Impact of local structure on melt dynamics in Cu-Ti alloys: Insights from ab-initio molecular dynamics simulations

TL;DR

This study uses ab-initio molecular dynamics to explore how local structural order influences melt dynamics in Cu-Ti alloys, revealing complex short-range order and its impact on glass-forming ability.

Contribution

It provides new insights into the relationship between local structure and melt dynamics in Cu-Ti alloys, emphasizing the role of complex short-range order over Cu-Ti pairing.

Findings

High five-fold symmetry (FFS) around Cu atoms in undercooled melts.

Cu50Ti50 composition shows the highest FFS and slowest melt dynamics.

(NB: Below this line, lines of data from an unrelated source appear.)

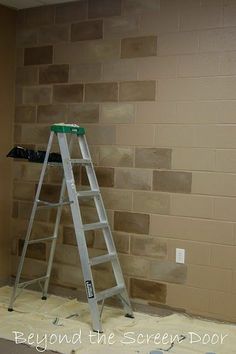 a ladder sitting on top of a wooden floor in front of a wall with bricks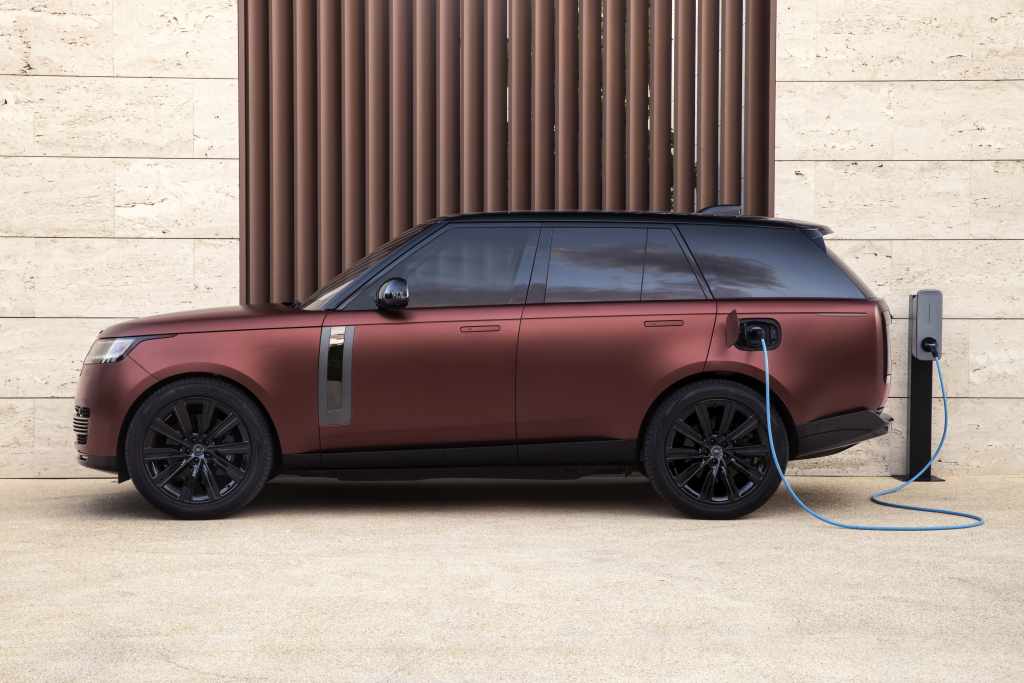 A maroon electric SUV from JLR is parked and plugged into a charging station against a beige wall, highlighting the shift towards hybrid sales in anticipation of FY25.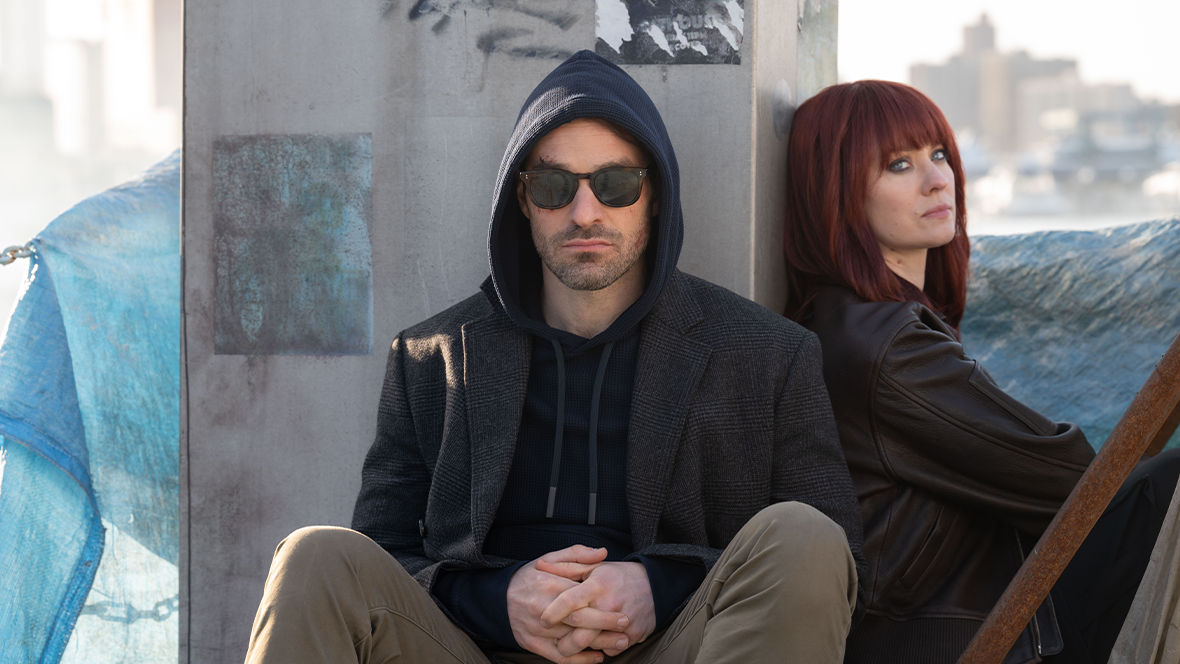 An image from Daredevil: Born Again season 2, featuring Charlie Cox as Matt Murdock (left) and Deborah Ann Woll as Karen Page (right). They are sitting against a column of a building and looking towards the camera.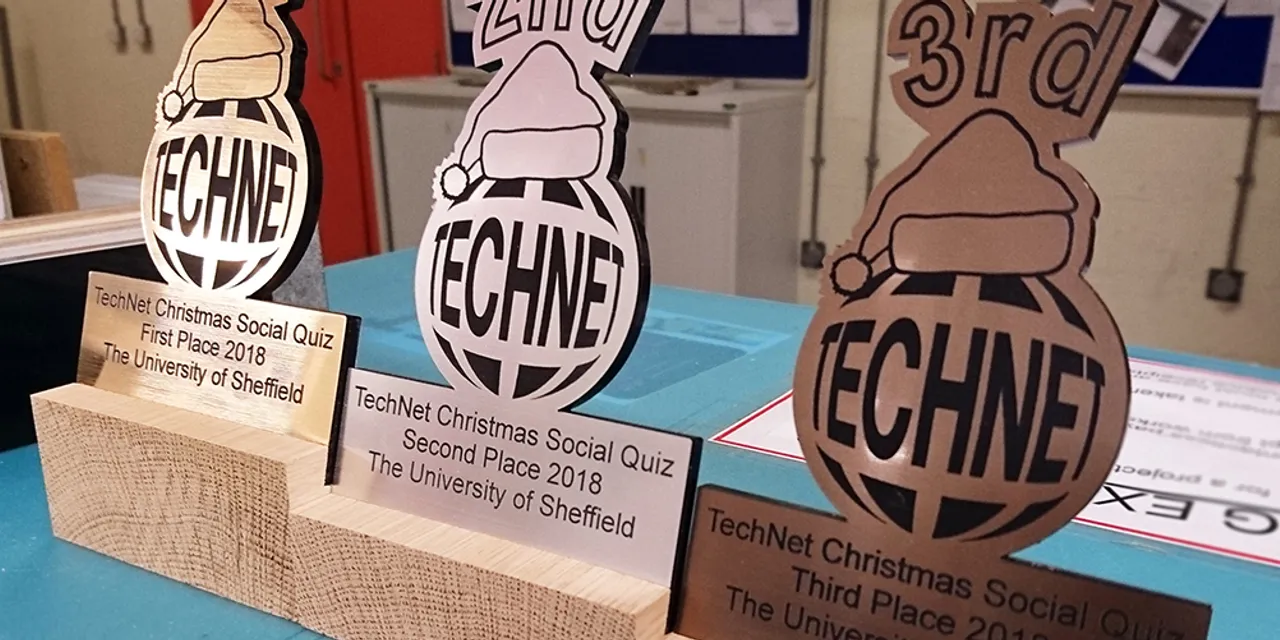 Laser-cut wooden trophies for TechNet quiz made with Trotec CO₂ laser engraving machine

Local structural complexity, not Cu-Ti pairs, influences glass-forming ability.

Abstract

First-principle based molecular-dynamics simulations have been performed for binary Cu$_x$Ti$_{1-x}$ (x = 0.31, 0.50, and 0.76) alloys to investigate the relationship between local structure and dynamical properties in the liquid and undercooled melt. The undercooled melts show a pronounced short-range order, majorly a five-fold symmetry (FFS) around the Cu atoms, which competes with bcc ordering. This complex SRO is also reflected in the partial coordination numbers, where mainly a Z12 coordination is present around Cu, which corresponds to an icosahedral ordering. Higher coordination numbers were obtained for Ti compatible with Frank-Kasper polyhedra. The increasing Frank-Kasper polyhedra coordination scenario around Ti impacts on the interatomic distances of Ti atoms, which increase with increasing Ti content. The Cu$_{50}$Ti$_{50}$ composition exhibits the highest FFS ordering and amount of Frank-Kasper polyhedra, which explains the slowest melt dynamics, found experimentally and in simulations for this composition. Thus, our results suggest that the high undercooling degree and glass-forming ability of binary CuTi alloys, originates from the high complexity of the local structure rather than due to the preferred formation of Cu-Ti pairs, as Cu-Ti interactions were found to be weak.